**WORK ORDER**
Everything from the first line of the entries below through the line holding "Autos - Toyota" must be printed exactly as written.

════════

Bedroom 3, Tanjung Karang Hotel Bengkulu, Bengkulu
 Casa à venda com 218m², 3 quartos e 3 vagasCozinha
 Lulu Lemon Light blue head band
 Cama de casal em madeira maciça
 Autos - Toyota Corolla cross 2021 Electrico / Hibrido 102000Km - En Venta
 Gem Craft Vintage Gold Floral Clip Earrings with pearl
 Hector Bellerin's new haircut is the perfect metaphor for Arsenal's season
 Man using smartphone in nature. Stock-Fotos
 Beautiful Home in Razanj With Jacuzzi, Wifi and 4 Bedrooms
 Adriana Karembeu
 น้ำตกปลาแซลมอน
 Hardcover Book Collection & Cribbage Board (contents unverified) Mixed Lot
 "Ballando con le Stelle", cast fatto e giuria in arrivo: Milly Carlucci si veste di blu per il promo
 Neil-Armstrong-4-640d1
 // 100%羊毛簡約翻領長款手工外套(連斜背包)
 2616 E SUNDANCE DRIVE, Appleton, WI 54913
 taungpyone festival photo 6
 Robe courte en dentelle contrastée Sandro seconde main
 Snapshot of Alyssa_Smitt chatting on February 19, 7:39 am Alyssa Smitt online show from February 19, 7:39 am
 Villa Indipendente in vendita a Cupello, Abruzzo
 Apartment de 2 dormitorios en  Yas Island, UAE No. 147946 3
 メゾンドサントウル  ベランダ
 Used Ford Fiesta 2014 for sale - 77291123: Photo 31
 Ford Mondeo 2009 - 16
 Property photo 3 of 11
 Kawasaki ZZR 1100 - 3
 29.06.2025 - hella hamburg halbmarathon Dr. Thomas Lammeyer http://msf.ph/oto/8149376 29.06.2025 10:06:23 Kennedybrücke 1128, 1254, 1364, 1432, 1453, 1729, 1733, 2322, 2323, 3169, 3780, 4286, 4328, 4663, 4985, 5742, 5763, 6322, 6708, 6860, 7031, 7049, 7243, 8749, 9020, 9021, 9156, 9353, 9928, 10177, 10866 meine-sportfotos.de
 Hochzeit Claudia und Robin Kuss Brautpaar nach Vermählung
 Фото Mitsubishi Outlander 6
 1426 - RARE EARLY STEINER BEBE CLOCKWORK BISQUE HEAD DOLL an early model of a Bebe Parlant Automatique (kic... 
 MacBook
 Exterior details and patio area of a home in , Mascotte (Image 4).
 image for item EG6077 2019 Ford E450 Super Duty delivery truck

════════

**FINISHED TASK**
Bedroom 3, Tanjung Karang Hotel Bengkulu, Bengkulu
 Casa à venda com 218m², 3 quartos e 3 vagasCozinha
 Lulu Lemon Light blue head band
 Cama de casal em madeira maciça
 Autos - Toyota Corolla cross 2021 Electrico / Hibrido 102000Km - En Venta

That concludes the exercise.